-- DESCRIPTION OF THE TASK --
Copy out exactly the stretch below, from the line with "Sky blue Aquarelle" through the line with "A majestic phoenix", both included; the pictures stay out.

-- DATA SECTION --

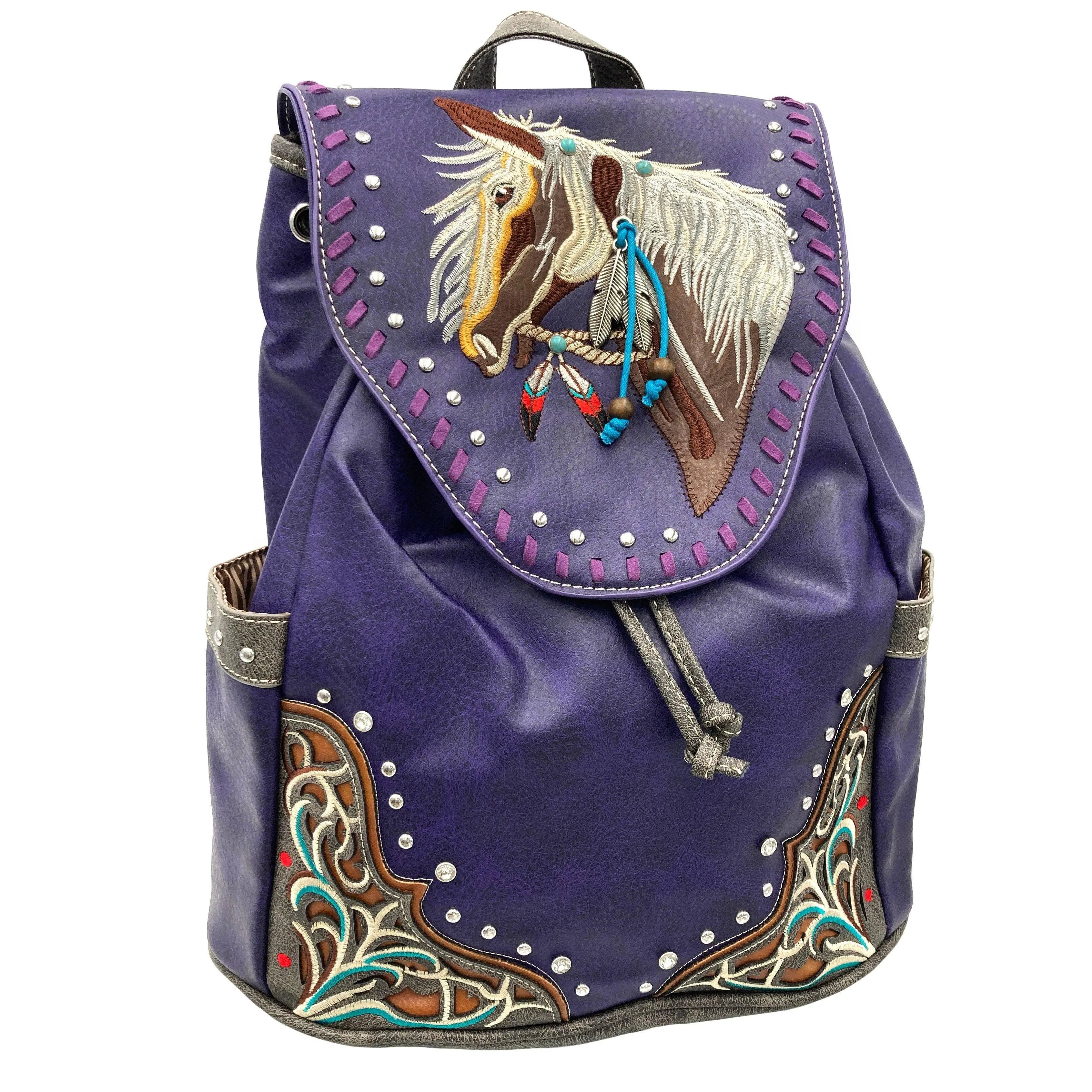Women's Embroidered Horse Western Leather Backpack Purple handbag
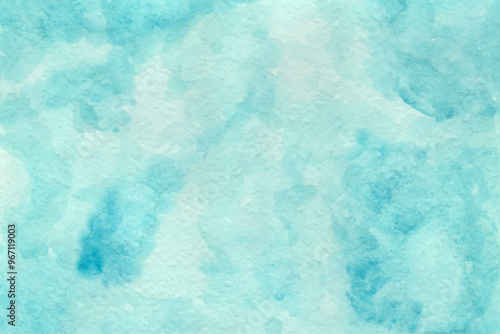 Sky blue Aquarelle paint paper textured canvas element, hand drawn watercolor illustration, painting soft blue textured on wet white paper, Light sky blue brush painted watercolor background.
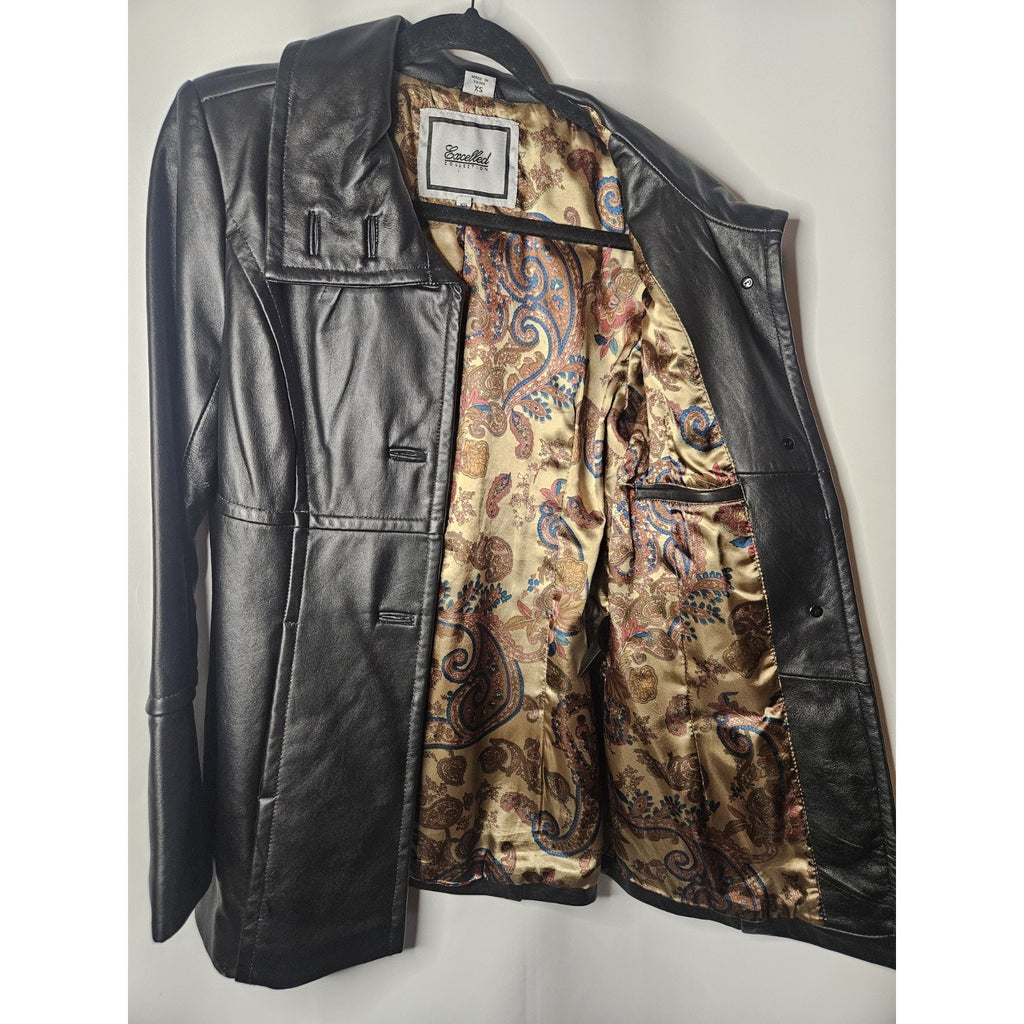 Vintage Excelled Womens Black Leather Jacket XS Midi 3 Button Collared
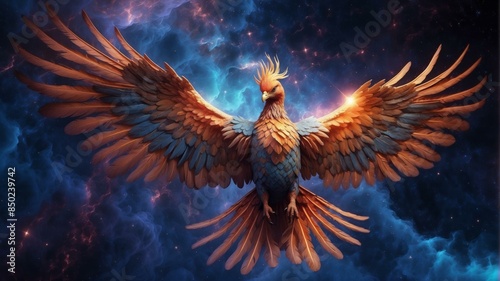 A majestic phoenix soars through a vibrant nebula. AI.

--

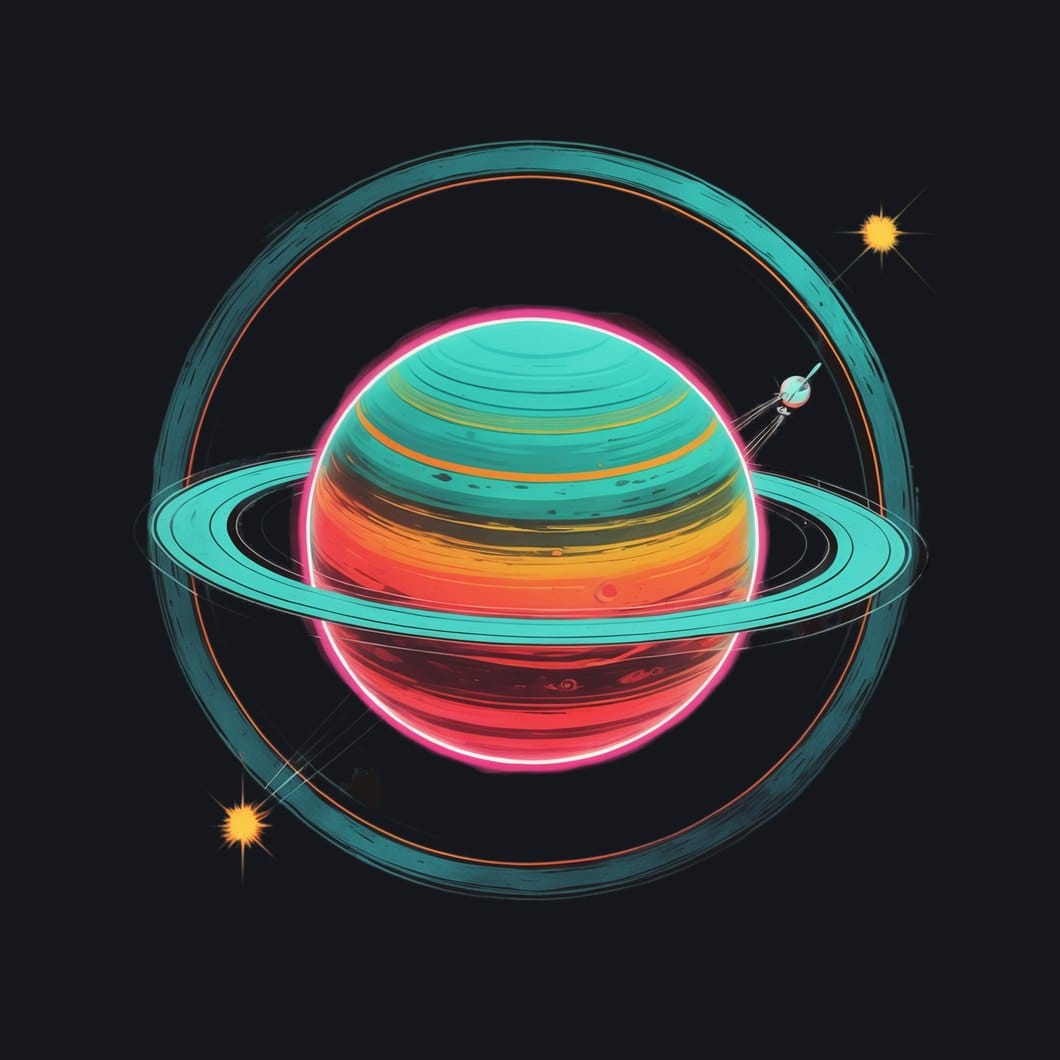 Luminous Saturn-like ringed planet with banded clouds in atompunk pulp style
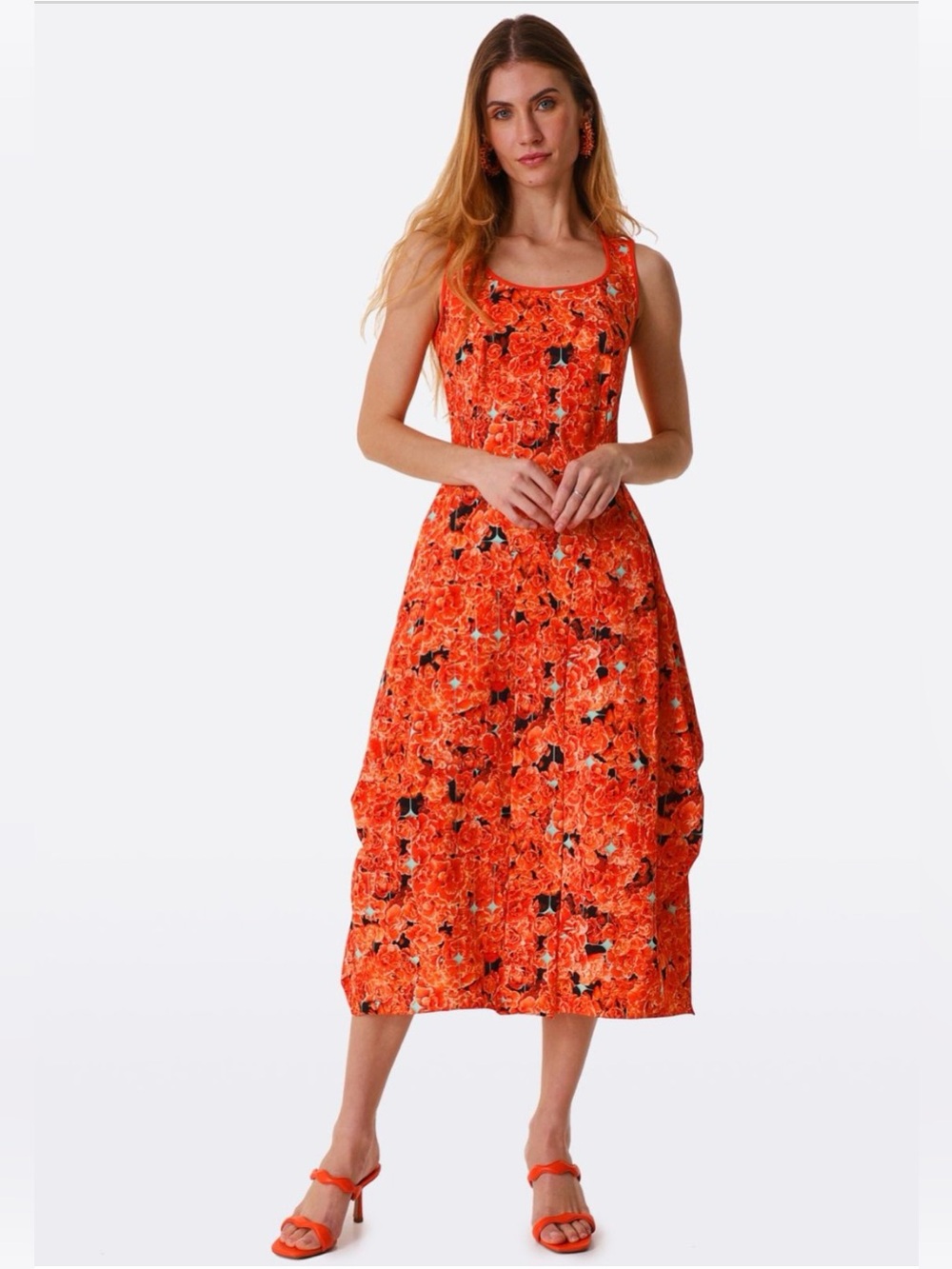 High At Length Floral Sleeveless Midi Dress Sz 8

-- RESULT FOR THIS TASK --
 Sky blue Aquarelle paint paper textured canvas element, hand drawn watercolor illustration, painting soft blue textured on wet white paper, Light sky blue brush painted watercolor background.
 Vintage Excelled Womens Black Leather Jacket XS Midi 3 Button Collared
 A majestic phoenix soars through a vibrant nebula. AI.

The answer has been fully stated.